Vitória de Obrador, o dia seguinte

Secretario de Relações Internacionais do PSOL analisa in loco a vitória de AMLO que feriu o regime e seus partidos tradicionais.

Israel Dutra 3 jul 2018, 22:16

Na segunda-feira, 2 de julho, enquanto escrevia essas linhas, o Brasil acabava de vencer a mexicana, com gols de Neymar e Firmino, encerrando a participação do México no Mundial. As ruas do centro histórico da capital mexicana lotadas, muitas bandeiras e camisetas por todo lado. O que chama atenção,no entanto, é que o semblante do povo é de felicidade e alívio. Isso só pode ser explicado por uma vitória de maior alcance, obtida poucas horas antes: o triunfo de Andres Manuel Lopez Obrador, como candidato por fora da casta, dos esquemas fraudulentos e dos métodos violentos.

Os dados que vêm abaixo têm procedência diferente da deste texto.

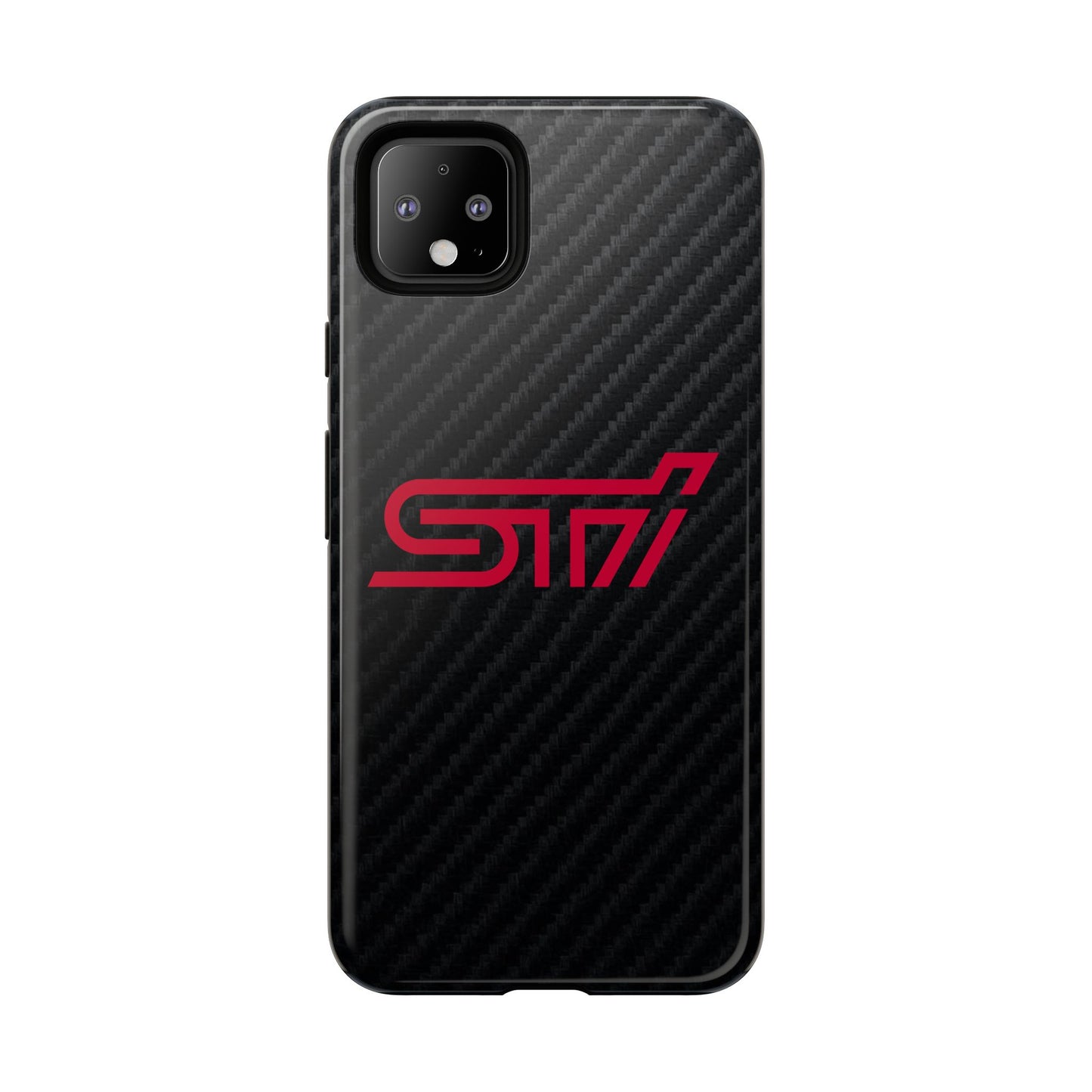 STI  - Carbon Fiber Impact Resistant Phone Case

A longa noite de festa foi precedida por uma tensa jornada eleitoral no domingo. Apenas na madrugada de sábado para domingo, se registraram 7 novos assassinatos no interior do país, em virtude de razões políticas. Acompanhei a votação no distrito de Gustavo A Madero, o segundo mais populoso do país, na região próxima aos cerros de Cualtepec. Pude ver a tensão no ar, com o uso da violência, onde os caciques locais do PRD controlam com mão de ferro, operadores e bandas paramilitares de lumpens e torcidas organizadas, parte da comunidade. Um pequeno postal da violência política que fez dessa a campanha mais sangrenta da historia. Segundo a ONG “ Democracia sem pobreza”, o voto foi “cotado” entre 500 e 10 mil pesos, dependendo da área onde havia oferta, o que equivale a cerca de 100 e 2230 reais.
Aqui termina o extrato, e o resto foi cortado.